▶ [Exercise brief]
Restate word for word the section of the entries that opens at the line containing "A dinoszauruszok nagy képeskönyve" and closes at the line containing "BANDAI MG 1/100 ZGMF-X09A JUSTICE GUNDAM 2.0", both lines kept, pictures dropped.

▶ [Entries supplied]
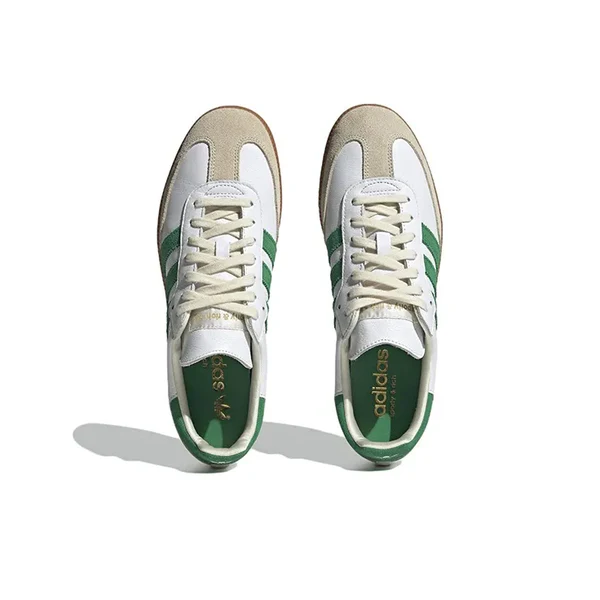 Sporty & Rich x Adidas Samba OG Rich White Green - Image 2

...

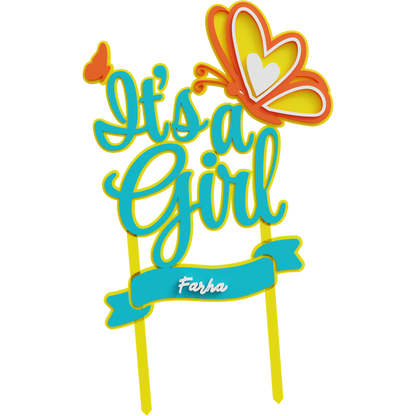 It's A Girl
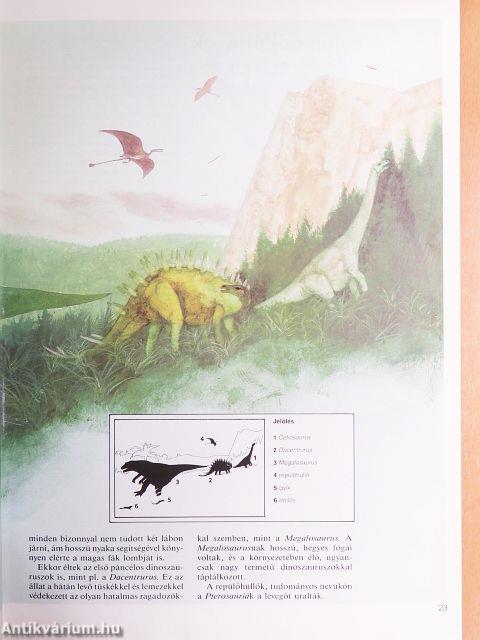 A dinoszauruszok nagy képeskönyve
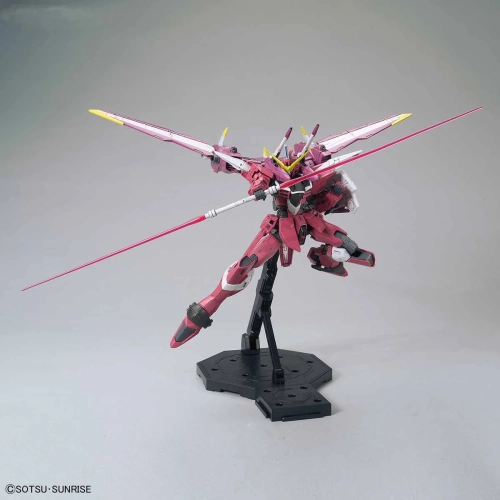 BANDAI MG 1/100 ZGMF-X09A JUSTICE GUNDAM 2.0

==

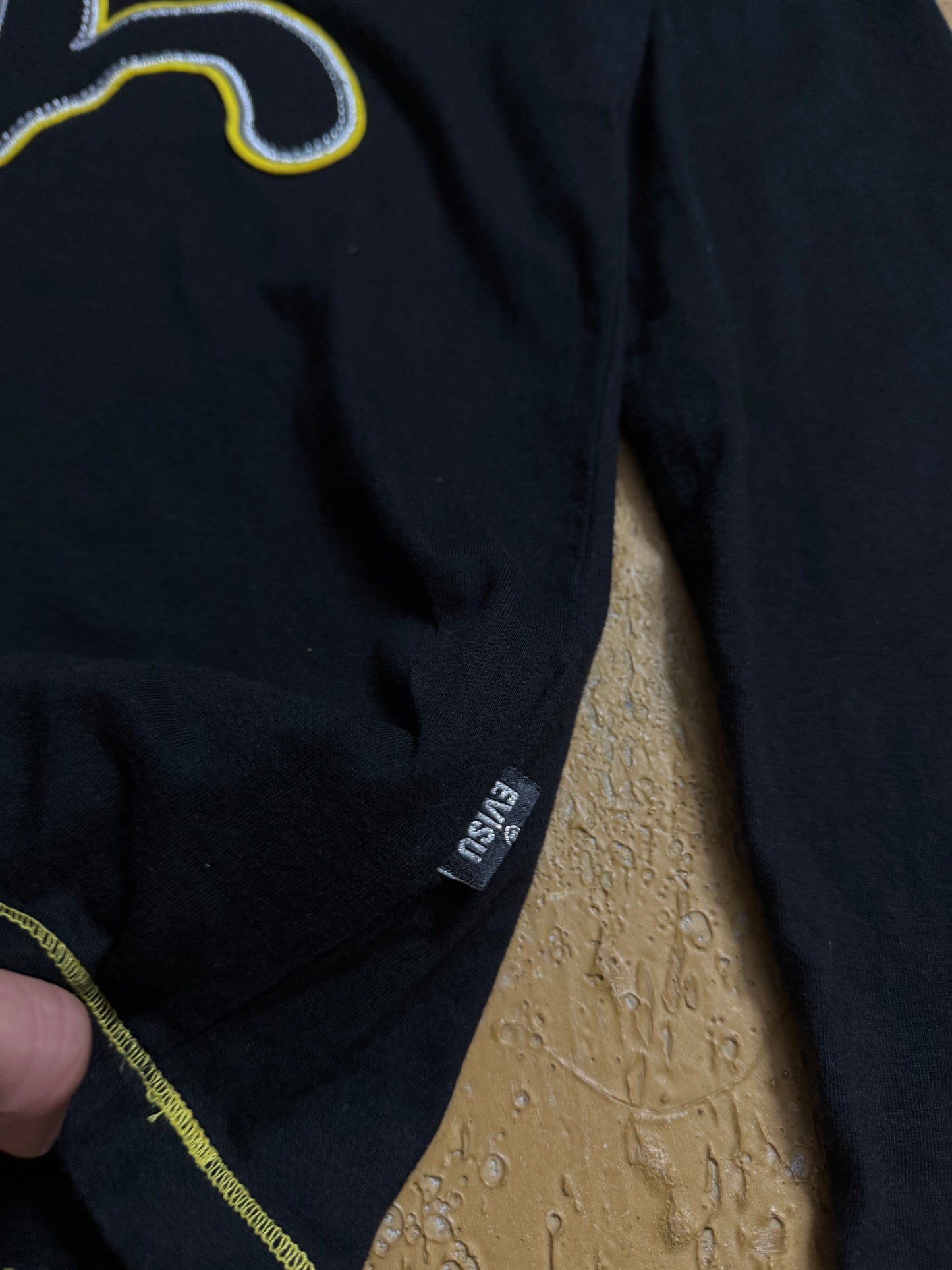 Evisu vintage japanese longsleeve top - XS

▶ [Solution to the problem]
 A dinoszauruszok nagy képeskönyve
 BANDAI MG 1/100 ZGMF-X09A JUSTICE GUNDAM 2.0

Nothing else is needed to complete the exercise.